> **ACTION ITEM**:
Using the listing below, print exactly everything from the line with "Terreno de 1.000" down to the line with "Jérémy Recchione Piemonte", both included, and nothing more.

++++ MATERIAL SHOWN

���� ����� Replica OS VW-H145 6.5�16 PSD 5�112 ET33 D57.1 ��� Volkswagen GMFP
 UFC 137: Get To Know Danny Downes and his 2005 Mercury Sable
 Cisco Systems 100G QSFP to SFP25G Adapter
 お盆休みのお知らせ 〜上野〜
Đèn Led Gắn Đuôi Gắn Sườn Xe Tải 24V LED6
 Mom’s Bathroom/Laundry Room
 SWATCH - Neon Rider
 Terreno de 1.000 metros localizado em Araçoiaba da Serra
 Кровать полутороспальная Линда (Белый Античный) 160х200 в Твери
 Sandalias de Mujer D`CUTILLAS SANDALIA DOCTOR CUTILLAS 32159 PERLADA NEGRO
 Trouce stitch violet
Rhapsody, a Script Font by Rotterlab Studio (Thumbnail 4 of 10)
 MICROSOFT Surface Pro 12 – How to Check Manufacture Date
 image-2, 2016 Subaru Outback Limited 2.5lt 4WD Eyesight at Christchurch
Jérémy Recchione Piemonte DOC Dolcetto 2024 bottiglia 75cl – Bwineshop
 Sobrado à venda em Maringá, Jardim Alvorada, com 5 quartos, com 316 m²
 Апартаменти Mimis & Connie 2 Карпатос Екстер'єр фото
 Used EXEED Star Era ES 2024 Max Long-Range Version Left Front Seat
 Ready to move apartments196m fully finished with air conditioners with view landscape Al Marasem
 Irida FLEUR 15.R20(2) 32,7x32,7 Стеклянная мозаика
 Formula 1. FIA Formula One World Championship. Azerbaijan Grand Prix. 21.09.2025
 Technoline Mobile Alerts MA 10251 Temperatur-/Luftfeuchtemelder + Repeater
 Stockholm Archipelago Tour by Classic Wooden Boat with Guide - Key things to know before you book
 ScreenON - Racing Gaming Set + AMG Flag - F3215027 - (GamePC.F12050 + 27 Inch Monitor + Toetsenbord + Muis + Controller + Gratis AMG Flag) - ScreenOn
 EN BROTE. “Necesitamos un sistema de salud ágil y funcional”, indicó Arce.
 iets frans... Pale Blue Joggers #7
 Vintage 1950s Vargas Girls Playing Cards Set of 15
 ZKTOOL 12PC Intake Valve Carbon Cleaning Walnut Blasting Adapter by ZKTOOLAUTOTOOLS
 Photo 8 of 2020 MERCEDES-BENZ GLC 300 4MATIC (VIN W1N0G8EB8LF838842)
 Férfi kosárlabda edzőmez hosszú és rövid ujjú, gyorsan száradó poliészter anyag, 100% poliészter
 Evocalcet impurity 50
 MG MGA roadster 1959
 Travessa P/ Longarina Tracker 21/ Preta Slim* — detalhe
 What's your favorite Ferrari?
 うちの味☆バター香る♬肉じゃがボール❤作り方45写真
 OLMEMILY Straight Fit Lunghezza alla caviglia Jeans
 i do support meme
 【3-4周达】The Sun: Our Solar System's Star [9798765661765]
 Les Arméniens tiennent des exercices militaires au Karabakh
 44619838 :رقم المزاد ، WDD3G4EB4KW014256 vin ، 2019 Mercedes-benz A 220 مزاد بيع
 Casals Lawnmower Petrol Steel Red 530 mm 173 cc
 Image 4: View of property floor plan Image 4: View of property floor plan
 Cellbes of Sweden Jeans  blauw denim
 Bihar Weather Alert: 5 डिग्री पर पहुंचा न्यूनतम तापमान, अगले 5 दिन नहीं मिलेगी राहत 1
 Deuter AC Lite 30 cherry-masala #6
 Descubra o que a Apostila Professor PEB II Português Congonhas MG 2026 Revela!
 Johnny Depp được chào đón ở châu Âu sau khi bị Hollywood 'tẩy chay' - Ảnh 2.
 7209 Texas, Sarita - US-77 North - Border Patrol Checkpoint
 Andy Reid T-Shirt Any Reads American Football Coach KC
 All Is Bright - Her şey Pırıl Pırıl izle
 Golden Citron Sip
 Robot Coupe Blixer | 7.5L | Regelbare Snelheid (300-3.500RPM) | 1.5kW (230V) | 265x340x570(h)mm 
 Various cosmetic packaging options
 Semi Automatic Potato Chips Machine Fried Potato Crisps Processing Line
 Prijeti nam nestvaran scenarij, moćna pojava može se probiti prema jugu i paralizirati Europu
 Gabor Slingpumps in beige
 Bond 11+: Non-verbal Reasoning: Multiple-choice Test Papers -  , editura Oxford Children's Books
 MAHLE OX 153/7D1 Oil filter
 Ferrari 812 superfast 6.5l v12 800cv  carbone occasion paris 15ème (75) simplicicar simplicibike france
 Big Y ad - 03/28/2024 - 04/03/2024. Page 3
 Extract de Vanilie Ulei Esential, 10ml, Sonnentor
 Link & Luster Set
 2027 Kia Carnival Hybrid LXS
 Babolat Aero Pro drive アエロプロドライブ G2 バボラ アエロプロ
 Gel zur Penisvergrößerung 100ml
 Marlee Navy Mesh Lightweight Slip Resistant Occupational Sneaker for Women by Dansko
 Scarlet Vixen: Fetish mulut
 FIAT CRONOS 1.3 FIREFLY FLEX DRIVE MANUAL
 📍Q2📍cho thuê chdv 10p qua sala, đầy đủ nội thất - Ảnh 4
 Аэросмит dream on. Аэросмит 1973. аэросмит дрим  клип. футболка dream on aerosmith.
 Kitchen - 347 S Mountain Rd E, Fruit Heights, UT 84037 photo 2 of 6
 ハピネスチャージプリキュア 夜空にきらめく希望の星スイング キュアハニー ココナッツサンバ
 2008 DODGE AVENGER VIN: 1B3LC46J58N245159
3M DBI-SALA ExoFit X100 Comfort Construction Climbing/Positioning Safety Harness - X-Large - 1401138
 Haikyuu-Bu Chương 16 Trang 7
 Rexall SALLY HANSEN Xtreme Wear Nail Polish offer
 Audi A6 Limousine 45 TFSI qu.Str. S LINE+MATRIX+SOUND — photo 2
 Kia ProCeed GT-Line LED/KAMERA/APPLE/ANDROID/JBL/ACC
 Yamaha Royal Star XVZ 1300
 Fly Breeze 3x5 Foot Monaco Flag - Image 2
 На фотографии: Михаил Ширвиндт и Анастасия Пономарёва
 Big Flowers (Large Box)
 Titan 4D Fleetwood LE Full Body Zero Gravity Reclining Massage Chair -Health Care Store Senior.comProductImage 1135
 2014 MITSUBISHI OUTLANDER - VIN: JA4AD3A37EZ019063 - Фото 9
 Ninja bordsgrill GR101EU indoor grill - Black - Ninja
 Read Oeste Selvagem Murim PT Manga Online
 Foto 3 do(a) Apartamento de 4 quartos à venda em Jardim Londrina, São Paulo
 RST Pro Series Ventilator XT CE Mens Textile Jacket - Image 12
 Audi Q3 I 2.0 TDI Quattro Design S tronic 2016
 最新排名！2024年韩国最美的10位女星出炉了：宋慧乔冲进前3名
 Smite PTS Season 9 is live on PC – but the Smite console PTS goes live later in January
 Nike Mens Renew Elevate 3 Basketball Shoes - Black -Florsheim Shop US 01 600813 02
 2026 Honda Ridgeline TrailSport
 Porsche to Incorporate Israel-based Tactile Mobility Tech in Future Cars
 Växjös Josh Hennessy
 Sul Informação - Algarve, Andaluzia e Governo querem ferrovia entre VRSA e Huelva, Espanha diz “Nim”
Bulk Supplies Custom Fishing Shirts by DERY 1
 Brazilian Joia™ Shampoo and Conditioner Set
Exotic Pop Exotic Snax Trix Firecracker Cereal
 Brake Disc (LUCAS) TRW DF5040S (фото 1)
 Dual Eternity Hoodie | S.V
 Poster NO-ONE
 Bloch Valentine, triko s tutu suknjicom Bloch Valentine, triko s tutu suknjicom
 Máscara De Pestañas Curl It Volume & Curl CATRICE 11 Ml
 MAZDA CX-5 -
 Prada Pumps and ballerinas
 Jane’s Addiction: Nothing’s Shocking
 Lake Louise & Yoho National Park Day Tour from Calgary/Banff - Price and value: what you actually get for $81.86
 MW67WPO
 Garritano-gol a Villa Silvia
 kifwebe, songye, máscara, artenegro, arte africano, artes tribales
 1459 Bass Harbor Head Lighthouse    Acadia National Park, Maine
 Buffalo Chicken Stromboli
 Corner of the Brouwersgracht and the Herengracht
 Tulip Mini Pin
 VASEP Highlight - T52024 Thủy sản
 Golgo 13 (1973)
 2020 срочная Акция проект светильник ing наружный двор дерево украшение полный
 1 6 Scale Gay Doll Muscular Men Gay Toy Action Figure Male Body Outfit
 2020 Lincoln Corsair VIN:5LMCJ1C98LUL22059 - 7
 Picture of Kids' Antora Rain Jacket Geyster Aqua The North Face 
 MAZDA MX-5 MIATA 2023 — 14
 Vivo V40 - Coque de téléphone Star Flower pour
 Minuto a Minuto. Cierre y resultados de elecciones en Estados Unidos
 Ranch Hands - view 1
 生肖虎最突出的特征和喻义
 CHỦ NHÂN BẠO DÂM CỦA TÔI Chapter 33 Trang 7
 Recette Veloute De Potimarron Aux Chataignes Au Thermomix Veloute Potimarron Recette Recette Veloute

++++++++

> **YOUR RESPONSE**:
 Terreno de 1.000 metros localizado em Araçoiaba da Serra
 Кровать полутороспальная Линда (Белый Античный) 160х200 в Твери
 Sandalias de Mujer D`CUTILLAS SANDALIA DOCTOR CUTILLAS 32159 PERLADA NEGRO
 Trouce stitch violet
Rhapsody, a Script Font by Rotterlab Studio (Thumbnail 4 of 10)
 MICROSOFT Surface Pro 12 – How to Check Manufacture Date
 image-2, 2016 Subaru Outback Limited 2.5lt 4WD Eyesight at Christchurch
Jérémy Recchione Piemonte DOC Dolcetto 2024 bottiglia 75cl – Bwineshop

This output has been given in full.